Seated Woman in a Garden, 1938 by Picasso
Picasso's list of stimuli culminates with sharp precision in a spider's web - prophetically, as it turned out, for one curious development in the wake of Guernica was the series of paintings and
drawings in which figures, objects and setting are depicted as an intricate, filigree web of lines. Related to them are others of a more sculptural character in which figures and objects look as if they have been fabricated
from basketry, wickerwork, straw matting and the like. In 1938, having hit upon this novel solution to the constant problem of repeating himself - 'I have a horror of copying myself is the very next sentence in the monologue
reported by Zervos - Picasso became obsessed with it. He remained fascinated by the expressive potential of webs and weavings of one sort or another throughout the occupation.
Seated Woman in a Garden, 1938 gives an idea of the lengths Picasso was prepared to go to unify every square centimetre of a complex composition when working in this style. Different details suggest different sources
in the outside world, but pride of place is accorded to the spider's web. The figure of Dora Maar here looks like a real spider's web for anyone to miss the allusion, or the sinister warning of fatality it entailed.

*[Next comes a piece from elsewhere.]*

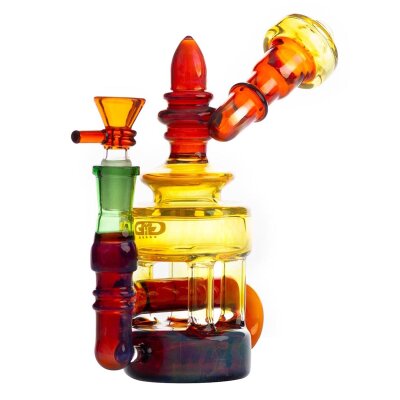 Grace Glass Bubbler Lantern 14,5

The women
themselves - predators or prey, we cannot be sure - their chairs, the parasol and the foliage are constructed from hundreds of segments which look, variously, as if they have been knitted, woven, plaited, embroidered and
stitched by the spider's human imitators.
Seated Woman in a Garden was finished in a single day, Dec. 10, 1938. The painting fetched $49.5 million at November 10, 1999 Sotheby's, New York Auction, and is considered one of the most expensive painting is the world.